Luigi.
How custom size-aware product feeds + Facebook audience targeting tripled revenue for one of Greece's largest fashion eshops — by fixing an out-of-stock problem nobody else was solving.
Users were seeing products they couldn't actually buy
Luigi is one of the largest fashion eshops in Greece. After seven years of operation it employs 45 people, runs an in-house photo studio and design team, and was presented as a success story at the largest Google Retail event ever held in Greece.
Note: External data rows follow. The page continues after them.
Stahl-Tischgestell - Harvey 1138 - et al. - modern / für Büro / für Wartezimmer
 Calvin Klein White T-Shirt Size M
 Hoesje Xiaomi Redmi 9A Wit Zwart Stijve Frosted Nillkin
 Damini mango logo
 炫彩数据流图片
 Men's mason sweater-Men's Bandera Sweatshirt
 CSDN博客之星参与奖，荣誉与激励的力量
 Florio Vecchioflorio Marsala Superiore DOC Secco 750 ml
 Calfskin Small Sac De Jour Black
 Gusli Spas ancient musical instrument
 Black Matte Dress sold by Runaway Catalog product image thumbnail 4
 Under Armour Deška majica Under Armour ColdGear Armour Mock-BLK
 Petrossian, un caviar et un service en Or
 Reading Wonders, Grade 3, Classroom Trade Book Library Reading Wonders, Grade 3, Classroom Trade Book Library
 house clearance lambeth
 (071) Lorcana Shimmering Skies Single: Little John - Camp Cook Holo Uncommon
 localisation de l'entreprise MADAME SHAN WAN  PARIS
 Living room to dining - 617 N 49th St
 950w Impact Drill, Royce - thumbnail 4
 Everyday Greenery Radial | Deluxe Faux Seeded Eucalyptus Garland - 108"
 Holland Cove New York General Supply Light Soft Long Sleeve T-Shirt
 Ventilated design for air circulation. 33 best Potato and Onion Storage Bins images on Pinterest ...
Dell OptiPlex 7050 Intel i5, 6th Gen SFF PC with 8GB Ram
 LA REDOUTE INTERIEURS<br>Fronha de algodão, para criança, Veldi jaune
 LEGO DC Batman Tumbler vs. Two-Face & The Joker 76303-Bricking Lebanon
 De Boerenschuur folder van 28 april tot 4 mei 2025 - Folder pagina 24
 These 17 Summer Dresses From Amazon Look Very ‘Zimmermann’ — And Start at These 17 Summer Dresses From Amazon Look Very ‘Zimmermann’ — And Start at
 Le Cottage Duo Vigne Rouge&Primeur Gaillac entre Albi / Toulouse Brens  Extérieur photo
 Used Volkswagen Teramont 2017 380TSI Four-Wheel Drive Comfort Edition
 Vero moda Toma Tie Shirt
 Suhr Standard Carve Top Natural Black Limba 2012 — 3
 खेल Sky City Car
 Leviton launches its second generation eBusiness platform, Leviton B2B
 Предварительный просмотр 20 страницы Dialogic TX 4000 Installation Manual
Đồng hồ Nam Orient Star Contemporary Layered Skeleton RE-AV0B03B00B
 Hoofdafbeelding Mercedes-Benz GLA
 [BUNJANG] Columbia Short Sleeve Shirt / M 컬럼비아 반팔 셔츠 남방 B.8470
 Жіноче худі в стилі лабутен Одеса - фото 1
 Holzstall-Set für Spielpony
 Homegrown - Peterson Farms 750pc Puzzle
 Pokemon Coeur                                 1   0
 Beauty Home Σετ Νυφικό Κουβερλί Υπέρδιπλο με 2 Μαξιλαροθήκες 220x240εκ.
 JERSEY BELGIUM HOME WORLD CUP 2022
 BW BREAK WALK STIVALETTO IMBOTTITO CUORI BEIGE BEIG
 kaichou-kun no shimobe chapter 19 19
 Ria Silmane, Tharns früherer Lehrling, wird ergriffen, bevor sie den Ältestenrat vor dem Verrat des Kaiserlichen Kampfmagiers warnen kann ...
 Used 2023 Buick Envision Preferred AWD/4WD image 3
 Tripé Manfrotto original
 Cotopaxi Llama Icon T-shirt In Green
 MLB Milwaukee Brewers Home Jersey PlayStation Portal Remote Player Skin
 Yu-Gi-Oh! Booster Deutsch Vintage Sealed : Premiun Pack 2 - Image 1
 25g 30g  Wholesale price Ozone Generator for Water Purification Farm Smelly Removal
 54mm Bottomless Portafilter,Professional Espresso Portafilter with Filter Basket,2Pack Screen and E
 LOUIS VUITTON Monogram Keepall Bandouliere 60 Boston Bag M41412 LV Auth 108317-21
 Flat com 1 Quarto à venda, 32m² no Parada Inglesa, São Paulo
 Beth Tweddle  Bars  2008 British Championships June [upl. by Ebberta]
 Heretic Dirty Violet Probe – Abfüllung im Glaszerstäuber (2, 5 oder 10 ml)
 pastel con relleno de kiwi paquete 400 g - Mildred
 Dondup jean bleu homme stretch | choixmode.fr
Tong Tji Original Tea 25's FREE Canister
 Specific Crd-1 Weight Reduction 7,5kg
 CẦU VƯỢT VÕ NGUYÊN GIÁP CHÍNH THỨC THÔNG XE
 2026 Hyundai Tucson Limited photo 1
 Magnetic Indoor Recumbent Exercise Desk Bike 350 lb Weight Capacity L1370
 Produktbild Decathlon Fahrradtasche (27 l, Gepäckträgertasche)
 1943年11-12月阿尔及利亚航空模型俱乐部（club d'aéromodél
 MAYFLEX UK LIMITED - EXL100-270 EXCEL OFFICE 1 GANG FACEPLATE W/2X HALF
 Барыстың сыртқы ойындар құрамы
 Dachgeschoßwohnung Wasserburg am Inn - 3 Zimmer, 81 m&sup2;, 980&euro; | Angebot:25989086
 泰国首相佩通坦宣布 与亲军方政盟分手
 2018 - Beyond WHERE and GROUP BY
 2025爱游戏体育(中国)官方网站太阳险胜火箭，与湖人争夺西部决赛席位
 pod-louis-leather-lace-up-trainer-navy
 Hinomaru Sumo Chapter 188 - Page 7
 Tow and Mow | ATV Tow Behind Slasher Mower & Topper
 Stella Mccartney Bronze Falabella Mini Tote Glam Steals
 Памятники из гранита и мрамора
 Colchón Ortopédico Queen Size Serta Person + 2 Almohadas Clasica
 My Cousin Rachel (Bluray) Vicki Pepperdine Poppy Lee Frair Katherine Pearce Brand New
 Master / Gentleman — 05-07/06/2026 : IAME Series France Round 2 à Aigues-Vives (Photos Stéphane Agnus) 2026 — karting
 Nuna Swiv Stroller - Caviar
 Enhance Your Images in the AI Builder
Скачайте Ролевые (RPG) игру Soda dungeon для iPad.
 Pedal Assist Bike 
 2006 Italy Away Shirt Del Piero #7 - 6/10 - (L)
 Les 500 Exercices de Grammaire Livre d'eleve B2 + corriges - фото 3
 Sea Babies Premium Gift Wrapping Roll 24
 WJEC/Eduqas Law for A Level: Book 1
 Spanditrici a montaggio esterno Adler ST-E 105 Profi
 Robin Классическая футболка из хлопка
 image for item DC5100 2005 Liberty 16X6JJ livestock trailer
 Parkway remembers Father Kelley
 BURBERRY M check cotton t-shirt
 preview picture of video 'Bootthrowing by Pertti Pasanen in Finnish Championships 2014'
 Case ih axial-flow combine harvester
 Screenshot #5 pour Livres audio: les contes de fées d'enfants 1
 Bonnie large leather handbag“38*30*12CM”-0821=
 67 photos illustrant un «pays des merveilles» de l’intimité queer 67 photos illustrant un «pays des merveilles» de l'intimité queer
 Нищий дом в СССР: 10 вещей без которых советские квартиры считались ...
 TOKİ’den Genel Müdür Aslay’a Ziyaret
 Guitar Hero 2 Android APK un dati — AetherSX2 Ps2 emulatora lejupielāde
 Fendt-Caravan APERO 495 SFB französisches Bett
By spring 2020, every textbook performance lever had already been pulled — landing page tests, audience refinements, creative rotation, bid strategy experiments. The easy wins were gone.
Deep analysis of the eshop data surfaced something subtle but massive: conversion rate could lift by up to 30% if every paid visitor saw only products that were in stock in their specific size. A T-shirt marked "in stock" is, for a size-M customer, effectively out of stock if the remaining inventory is only XL. The product appears available to the system, unavailable to the human — and the gap between those two states was silently killing CR on every fashion ad click.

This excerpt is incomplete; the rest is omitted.